Beware capital “A” Agile and capital “T” Transformation
Capital “A” Agile (a noun) is often used to describe the specific use of agile software development practices, frameworks and tools. “Agile internal auditing (Agile IA)”, describing the adoption of IT context practices in the execution of Internal Audit engagements. Whilst some Agile IT practices are a perfect and valuable fit for audit, some are questionable as I’ve already highlighted. To build on this, mandating one set of prescriptive practices, department-wide, is often combined with the capital “A” Agile and the capital “T” Transformation. It’s now widely understood and acknowledged that the big bang, imposed “Agile Transformations” are unlikely to succeed because they should be undertaken in precisely the opposite way (small experiments, with volunteers, invited, not imposed). I see the trend of those internal audits departments that go all-out with capital “A” Agile straight from the context of software development. It’s where the agile ways of working are promoted by an IT Agile Coach with little or no understanding of audit, who by default has to revert to what they know to the context of IT and software development. Maslow’s Law of the Hammer says, “I suppose it is tempting, if the only tool you have is a hammer, to treat everything as if it were a nail.” This is why I would urge extreme caution in using your IT department’s Agile Coach to help you in your audit department. Instead, find a coach with deep audit knowledge and experience of multiple adoptions in the context of internal audit.

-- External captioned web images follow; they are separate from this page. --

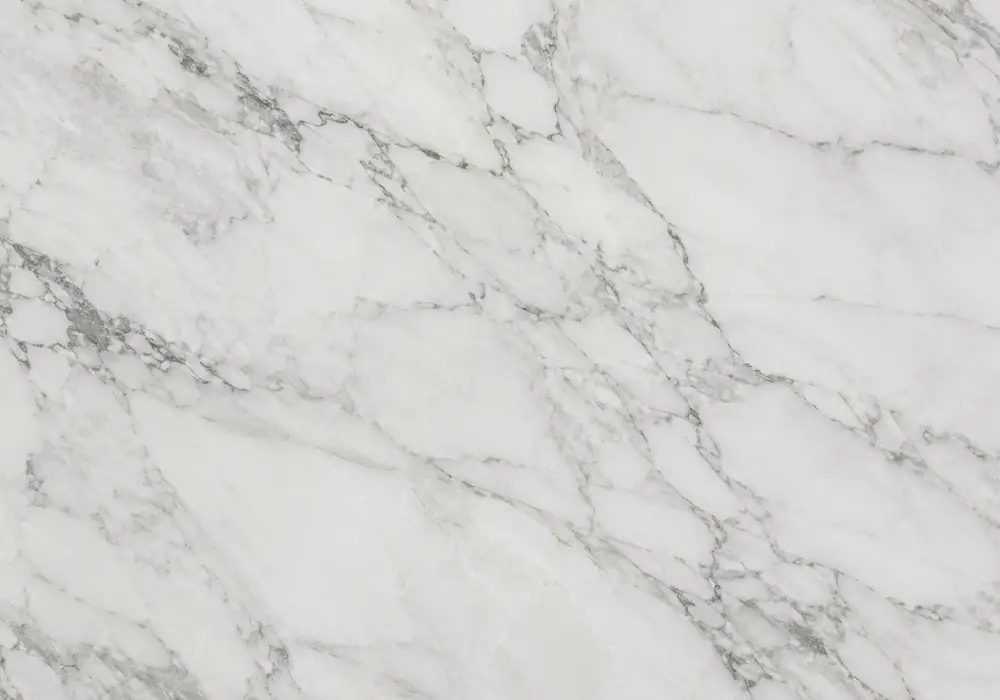 Calacatta Oro marble in a luxury kitchen, with authentic veining, polished stone depth and refined architectural detailing.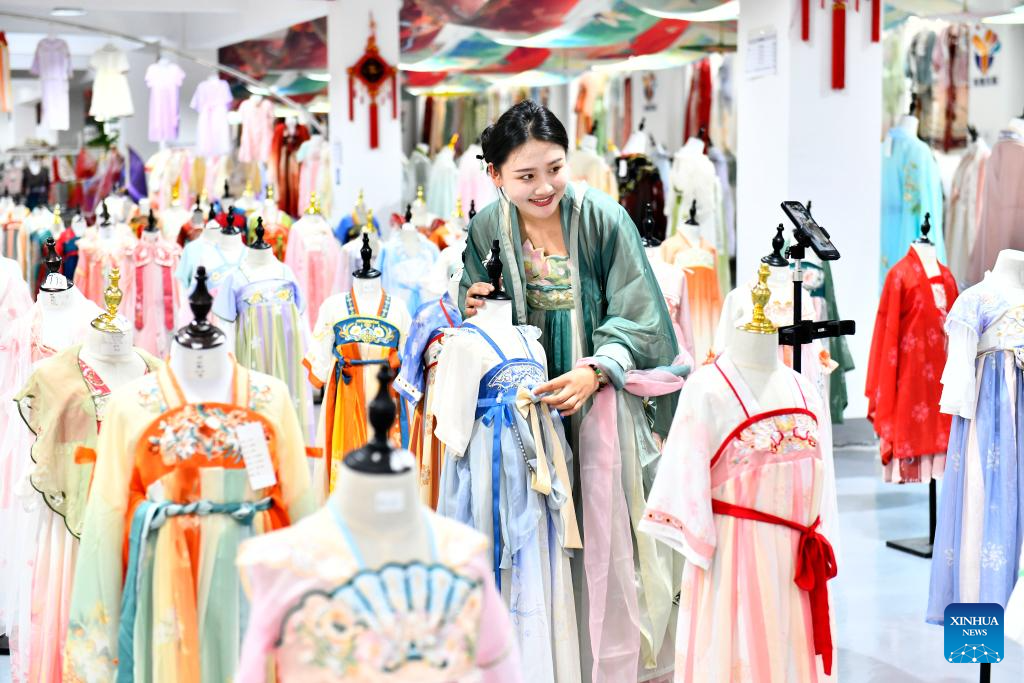 Seorang wanita menjual Hanfu melalui penstriman langsung di Perbandaran Ancailou di Kaunti Caoxian, Provinsi Shandong, timur China, 6 Julai 2023. (Xinhua/Guo Xulei)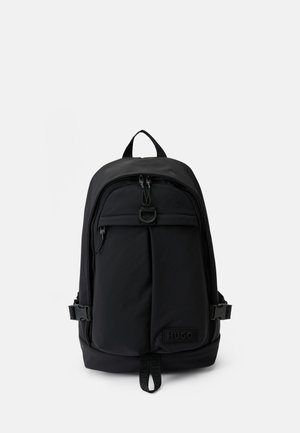 Black Hugo backpack with top handle, front zip pocket, side buckles, and branded logo on front bottom panel.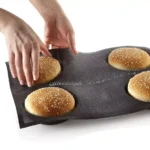 Four round sesame buns being removed from a black Silikomart Airplus 12 microperforated mould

My final point on context is something I widely see, and it’s the absurdity of using the Manifesto for Agile Software Development to explain to auditors what it means to be agile. I’m sure you’ve got the point on context by now, but to make it worse, the Manifesto for Agile Software Development is now 20 years old and, in fact, fails to make sense to those in IT. I’m curious why so many auditors use it to explain the agile mindset and tools. In my experience, most auditors don’t find the Manifesto for Agile Software Development that helpful in the context of audit but tend to say it’s useful for the backstory.
Agile jargon is, at best, confusing, and at worst, it’s cringeworthy.
To finish, I have to make a special mention of Agile jargon.
Jargon is unique words or expressions used by a profession or group that are difficult for others to understand.
We like using jargon as it puts us in the “in” group or the people who understand it.
PROBLEM IS: The “out” group is often the majority.
We like using jargon as we think it makes us sound knowledgeable.
PROBLEM IS: Jargon does not help others understand us.
Most people don’t understand the jargon, and we are not more intelligent for using it. At worst, it’s cringeworthy.
Let’s have an Agile jargon
We cannot drop Agile jargon altogether, so use it sparingly and with due care and attention to your audience. Translate or simplify, as required.
Success requires local context to design the optimum solution. Ignore this at your peril.
Be agile (flexible, nimble, adaptive). Don’t do capital “A” Agile or Agile auditing.
Having read this article, you’ll fully understand that statement.
Be agile with your agile in IA adaption, and promote a flexible agile framework, not an agile methodology.
Use Agile jargon with caution and translate it to the language of auditing to be better understood and quickly adopted.